Task statement: Among the lines of data below, reproduce only those from the one with "Used 2013 Tesla Model S image 2" through the one with "74825 Trousdale Dr, Palm Desert, CA 92211", exactly as they stand, both ends included.
Listed entries START
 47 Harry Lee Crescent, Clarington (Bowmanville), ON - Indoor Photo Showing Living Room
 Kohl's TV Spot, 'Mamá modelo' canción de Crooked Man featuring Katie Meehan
Listed entries END
Listed entries START
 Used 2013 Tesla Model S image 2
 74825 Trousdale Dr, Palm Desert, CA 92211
Listed entries END
Exercise result:
 Used 2013 Tesla Model S image 2
 74825 Trousdale Dr, Palm Desert, CA 92211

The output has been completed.